15. Het is aannemelijk dat een dergelijk non-concurrentiebeding in beginsel rechtstreeks verbonden is aan de concentratie en dat zij noodzakelijk is voor haar verwezenlijking. Het feit dat het de heren Woudt ook verboden zal zijn om op te treden als verschaffer van leningen of ander krediet en dat het hun verboden zal zijn om werknemers van Mercurius in dienst te nemen, indien deze daartoe zelf het initiatief nemen, gaat evenwel verder dan wat redelijkerwijs als noodzakelijk wordt beschouwd voor de verwezenlijking van de concentratie. Derhalve kan worden geconcludeerd dat het in punt 13 genoemde beding, voorzover het zich niet uitstrekt tot een verbod om op te treden als verschaffer van leningen of ander krediet en voorzover het verbod om personen in dienst te nemen of werkzaamheden te laten verrichten zich beperkt tot het actief werven om in dienst te treden respectievelijk werkzaamheden te verrichten, als noodzakelijk voor de verwezenlijking van de concentratie kan worden beschouwd.

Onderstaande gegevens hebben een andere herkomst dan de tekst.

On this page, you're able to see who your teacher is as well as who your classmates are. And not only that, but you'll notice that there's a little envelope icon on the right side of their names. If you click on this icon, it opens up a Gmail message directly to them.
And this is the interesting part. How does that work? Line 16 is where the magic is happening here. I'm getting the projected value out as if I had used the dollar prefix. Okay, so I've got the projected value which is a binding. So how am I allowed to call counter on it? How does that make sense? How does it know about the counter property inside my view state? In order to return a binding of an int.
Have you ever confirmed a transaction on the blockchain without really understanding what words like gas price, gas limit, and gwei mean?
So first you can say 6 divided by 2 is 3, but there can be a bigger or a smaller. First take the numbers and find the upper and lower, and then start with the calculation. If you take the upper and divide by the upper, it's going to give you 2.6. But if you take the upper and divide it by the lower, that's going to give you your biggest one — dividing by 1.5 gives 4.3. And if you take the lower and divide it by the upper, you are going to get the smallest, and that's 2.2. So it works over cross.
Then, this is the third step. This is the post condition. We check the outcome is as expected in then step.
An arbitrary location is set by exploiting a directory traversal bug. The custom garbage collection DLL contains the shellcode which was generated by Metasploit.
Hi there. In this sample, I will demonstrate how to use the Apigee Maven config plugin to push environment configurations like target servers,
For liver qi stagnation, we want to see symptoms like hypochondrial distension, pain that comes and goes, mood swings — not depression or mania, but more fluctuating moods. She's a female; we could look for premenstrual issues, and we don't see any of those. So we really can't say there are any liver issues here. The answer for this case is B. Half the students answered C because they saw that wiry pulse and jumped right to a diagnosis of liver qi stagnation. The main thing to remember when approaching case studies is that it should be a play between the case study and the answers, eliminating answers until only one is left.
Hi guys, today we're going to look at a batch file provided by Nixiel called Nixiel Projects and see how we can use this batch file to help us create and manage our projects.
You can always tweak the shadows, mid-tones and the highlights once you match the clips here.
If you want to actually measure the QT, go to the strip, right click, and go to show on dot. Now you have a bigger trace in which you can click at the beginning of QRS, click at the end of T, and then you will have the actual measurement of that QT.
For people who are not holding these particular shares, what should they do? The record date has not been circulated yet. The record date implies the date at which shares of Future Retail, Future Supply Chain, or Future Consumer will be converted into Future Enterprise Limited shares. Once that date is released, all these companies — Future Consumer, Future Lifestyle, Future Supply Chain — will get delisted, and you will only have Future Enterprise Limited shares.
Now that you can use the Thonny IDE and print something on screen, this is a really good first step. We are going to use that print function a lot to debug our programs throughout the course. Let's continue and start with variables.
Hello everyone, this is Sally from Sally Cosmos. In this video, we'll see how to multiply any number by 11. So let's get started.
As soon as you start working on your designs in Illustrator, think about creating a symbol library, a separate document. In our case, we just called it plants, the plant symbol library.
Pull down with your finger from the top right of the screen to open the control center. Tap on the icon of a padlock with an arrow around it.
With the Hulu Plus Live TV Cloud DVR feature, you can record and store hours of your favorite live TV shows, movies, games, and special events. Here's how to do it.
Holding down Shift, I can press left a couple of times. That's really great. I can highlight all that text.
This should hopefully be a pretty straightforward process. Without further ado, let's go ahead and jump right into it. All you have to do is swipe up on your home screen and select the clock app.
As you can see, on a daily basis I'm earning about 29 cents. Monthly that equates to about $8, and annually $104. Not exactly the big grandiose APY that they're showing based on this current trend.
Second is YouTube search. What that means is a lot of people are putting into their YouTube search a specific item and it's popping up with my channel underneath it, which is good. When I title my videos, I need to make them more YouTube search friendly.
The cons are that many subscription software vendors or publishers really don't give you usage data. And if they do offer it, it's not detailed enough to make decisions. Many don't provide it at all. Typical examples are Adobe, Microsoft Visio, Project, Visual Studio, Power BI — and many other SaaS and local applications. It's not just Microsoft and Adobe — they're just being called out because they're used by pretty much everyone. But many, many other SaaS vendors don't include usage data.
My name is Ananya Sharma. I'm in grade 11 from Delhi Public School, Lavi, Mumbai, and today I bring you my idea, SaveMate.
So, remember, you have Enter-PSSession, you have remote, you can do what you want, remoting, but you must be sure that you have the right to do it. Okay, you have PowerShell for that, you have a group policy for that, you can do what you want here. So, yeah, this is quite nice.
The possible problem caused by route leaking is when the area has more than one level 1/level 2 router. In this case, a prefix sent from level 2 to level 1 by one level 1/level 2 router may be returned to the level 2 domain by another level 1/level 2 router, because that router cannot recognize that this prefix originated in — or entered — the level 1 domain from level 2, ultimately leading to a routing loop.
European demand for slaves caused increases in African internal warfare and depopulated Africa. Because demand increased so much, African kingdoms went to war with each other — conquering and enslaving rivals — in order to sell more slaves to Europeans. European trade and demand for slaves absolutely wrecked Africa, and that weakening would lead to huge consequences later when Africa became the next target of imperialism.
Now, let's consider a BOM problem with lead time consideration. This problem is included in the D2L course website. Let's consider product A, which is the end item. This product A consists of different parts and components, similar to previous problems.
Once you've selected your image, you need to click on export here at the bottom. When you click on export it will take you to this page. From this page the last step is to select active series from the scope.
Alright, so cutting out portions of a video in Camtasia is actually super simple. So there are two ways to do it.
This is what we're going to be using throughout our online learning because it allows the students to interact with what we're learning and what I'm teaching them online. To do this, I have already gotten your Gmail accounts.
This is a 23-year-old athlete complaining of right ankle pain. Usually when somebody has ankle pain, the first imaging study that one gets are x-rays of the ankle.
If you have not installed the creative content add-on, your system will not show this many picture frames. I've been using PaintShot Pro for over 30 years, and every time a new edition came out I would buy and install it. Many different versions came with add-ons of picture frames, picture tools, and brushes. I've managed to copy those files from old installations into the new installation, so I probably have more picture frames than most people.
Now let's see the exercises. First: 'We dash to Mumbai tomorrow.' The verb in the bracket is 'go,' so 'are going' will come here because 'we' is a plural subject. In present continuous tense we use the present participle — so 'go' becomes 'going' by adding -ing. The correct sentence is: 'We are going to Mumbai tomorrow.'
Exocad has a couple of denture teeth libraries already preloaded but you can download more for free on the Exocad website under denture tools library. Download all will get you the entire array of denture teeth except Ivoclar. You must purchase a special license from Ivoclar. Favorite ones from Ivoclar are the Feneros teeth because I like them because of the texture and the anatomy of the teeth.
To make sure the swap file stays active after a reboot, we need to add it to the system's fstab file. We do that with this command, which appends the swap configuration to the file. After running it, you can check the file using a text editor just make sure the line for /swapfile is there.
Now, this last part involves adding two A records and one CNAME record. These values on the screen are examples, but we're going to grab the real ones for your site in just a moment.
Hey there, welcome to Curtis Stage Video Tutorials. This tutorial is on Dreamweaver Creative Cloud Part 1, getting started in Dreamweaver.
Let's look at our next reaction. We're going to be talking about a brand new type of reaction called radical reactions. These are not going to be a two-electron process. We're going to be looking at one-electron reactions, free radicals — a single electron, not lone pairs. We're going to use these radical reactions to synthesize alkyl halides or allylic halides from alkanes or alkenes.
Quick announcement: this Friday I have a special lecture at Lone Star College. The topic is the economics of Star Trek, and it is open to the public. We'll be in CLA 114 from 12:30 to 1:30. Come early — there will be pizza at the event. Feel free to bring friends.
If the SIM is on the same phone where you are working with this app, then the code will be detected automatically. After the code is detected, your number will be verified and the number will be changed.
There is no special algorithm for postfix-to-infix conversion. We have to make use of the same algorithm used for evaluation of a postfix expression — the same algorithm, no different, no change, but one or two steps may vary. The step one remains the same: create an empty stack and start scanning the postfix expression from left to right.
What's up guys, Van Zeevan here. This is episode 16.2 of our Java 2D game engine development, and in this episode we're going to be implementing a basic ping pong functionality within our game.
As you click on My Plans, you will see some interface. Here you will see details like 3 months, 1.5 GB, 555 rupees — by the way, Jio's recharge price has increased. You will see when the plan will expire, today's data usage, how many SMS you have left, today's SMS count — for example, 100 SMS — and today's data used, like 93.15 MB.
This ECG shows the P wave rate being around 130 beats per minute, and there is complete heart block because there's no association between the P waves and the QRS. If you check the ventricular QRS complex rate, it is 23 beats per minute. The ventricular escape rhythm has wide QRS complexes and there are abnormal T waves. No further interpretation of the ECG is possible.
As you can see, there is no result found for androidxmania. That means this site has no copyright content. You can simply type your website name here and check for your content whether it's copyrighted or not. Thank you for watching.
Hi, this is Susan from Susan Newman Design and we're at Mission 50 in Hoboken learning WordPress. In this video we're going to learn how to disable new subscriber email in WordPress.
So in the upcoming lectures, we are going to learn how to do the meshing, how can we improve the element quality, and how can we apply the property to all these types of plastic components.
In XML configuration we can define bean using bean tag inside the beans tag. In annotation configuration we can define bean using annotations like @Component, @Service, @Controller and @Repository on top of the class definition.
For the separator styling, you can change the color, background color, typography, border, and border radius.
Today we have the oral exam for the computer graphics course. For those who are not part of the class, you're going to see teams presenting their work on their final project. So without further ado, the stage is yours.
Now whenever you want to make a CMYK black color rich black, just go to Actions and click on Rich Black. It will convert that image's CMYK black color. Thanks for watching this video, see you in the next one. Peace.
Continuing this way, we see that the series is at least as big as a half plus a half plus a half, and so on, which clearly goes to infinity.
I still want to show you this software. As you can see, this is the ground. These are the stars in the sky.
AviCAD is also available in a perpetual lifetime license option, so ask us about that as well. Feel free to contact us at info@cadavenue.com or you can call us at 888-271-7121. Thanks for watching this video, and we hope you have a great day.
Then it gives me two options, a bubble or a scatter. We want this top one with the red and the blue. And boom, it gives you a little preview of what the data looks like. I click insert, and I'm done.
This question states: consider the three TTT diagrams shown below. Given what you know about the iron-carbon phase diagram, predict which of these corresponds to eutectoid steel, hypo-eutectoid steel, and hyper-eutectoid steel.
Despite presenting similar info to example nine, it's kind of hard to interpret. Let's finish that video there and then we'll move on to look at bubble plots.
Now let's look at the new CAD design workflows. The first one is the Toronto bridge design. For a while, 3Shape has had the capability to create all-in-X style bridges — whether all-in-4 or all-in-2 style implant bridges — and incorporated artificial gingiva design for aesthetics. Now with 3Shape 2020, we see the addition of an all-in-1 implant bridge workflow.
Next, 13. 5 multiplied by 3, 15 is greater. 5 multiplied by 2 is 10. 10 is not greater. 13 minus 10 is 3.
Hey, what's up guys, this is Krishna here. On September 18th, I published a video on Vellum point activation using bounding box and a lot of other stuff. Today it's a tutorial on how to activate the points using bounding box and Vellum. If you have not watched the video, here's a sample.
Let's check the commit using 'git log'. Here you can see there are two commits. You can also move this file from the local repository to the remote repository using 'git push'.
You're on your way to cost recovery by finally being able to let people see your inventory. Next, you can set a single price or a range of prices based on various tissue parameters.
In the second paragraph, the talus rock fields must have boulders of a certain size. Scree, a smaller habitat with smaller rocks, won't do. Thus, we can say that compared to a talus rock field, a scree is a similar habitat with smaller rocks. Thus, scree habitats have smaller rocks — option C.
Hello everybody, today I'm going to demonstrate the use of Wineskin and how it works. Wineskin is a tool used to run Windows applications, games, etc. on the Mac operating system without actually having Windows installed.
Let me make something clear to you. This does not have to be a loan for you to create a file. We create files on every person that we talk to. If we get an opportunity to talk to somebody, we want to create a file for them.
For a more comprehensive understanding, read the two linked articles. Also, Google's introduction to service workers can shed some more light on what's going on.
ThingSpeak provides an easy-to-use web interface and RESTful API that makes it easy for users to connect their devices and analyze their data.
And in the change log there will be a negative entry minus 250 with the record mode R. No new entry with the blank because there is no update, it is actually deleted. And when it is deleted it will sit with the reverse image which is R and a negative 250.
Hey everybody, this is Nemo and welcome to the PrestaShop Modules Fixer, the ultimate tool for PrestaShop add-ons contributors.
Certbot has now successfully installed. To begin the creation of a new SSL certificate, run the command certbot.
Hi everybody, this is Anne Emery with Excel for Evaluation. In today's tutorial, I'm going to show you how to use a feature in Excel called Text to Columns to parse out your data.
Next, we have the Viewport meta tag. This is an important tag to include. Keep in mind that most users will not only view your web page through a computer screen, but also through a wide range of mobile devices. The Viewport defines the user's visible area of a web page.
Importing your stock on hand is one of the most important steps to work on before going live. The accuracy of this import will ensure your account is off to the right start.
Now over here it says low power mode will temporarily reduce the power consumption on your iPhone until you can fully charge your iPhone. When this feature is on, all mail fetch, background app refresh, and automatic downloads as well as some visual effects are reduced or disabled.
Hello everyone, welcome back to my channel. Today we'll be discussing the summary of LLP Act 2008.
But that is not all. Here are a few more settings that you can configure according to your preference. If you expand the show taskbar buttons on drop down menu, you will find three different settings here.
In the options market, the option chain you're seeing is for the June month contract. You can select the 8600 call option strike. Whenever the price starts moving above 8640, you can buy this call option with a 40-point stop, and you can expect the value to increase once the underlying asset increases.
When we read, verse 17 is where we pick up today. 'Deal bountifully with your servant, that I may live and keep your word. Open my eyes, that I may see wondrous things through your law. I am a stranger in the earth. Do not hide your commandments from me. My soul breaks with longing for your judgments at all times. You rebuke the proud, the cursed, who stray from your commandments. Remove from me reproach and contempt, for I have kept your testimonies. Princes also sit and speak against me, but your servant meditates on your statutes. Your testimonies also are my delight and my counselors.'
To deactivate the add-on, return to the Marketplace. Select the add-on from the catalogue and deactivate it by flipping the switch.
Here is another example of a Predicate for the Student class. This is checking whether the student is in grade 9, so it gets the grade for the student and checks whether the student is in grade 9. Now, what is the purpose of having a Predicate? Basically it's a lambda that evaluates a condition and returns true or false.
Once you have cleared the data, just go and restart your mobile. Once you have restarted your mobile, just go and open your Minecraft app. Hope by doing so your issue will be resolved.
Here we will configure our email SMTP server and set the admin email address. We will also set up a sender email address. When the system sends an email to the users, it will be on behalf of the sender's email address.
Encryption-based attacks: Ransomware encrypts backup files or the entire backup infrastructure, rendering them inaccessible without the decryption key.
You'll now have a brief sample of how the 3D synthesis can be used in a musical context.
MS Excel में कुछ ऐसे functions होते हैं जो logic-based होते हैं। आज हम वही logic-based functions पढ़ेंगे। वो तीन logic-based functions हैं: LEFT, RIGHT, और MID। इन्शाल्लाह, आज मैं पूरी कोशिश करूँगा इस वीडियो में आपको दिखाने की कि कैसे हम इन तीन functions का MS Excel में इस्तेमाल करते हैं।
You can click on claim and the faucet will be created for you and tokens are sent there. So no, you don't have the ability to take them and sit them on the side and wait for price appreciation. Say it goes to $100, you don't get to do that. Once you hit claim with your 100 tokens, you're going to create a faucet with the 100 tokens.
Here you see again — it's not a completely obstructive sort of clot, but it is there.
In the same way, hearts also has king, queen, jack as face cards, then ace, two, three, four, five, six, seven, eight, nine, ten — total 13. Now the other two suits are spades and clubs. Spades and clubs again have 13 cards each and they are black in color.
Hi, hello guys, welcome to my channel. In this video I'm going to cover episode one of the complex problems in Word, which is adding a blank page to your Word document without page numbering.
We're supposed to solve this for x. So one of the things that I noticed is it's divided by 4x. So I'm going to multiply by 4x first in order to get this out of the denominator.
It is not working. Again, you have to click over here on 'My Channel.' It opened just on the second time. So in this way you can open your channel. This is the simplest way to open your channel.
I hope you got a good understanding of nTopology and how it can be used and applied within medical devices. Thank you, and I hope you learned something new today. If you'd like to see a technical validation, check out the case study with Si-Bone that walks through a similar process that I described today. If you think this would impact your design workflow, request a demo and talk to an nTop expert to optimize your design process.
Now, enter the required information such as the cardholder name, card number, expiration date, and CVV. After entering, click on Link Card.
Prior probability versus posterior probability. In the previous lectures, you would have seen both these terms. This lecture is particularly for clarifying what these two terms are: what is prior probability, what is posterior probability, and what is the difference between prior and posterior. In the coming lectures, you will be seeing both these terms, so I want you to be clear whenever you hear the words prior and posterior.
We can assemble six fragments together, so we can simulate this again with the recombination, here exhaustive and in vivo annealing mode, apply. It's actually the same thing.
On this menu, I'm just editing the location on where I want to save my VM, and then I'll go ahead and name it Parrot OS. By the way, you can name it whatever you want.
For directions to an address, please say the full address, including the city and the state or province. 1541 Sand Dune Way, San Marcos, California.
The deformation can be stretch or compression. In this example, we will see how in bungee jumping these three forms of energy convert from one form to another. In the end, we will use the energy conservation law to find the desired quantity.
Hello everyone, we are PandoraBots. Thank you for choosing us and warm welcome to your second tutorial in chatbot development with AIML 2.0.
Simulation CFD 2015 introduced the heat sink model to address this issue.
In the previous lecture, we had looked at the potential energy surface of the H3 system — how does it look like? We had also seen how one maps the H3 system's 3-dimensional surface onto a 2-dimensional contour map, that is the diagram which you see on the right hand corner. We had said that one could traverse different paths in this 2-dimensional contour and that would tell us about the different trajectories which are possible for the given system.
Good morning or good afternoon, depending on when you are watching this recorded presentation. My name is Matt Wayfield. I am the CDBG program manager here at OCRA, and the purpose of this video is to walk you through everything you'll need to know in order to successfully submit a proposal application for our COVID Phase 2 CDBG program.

VI. CONCLUSIE 16. Na onderzoek van deze melding is de directeur-generaal van de Nederlandse mededingingsautoriteit tot de conclusie gekomen dat de gemelde operatie binnen de werkingssfeer valt van het in hoofdstuk 5 van de Mededingingswet geregelde concentratietoezicht. Hij heeft geen reden om aan te nemen dat als gevolg van die concentratie een economische machtspositie kan ontstaan of worden versterkt die tot gevolg heeft dat een daadwerkelijke mededinging op de Nederlandse markt of een deel daarvan op significante wijze wordt belemmerd. 17. Gelet op het bovenstaande deelt de directeur-generaal van de Nederlandse mededingingsautoriteit mede dat voor het tot stand brengen van de concentratie waarop de melding betrekking heeft geen vergunning is vereist. 18. Gelet op de overweging 15 is de directeur-generaal van oordeel dat, voorzover de in punt 13 omschreven clausules overeenkomsten vormen als bedoeld in artikel 6 van de Mededingingswet, dat artikel ingevolge artikel 10 van de Mededingingswet, niet geldt voor deze overeenkomsten, voor zover het beding zich niet uitstrekt tot een verbod om op te treden als verschaffer van leningen of ander krediet en voorzover het verbod om personen in dienst te nemen of werkzaamheden te laten verrichten zich beperkt tot het actief werven om in dienst te treden respectievelijk werkzaamheden te verrichten. Datum: 12-05-1999
De directeur-generaal van de Nederlandse mededingingsautoriteit voor deze: w.g. Drs. R.J.P. Jansen Hoofd Concentratiecontrole
Tegen dit besluit kan degene, wiens belang rechtstreeks bij dit besluit is betrokken, binnen zes weken na bekendmaking van dit besluit een gemotiveerd beroepschrift indienen bij de arrondissementsrechtbank te Rotterdam, sector bestuursrecht, Postbus 50951, 3007 BM, Rotterdam.
Aan de inhoud van deze pagina's kunt u geen rechten ontlenen.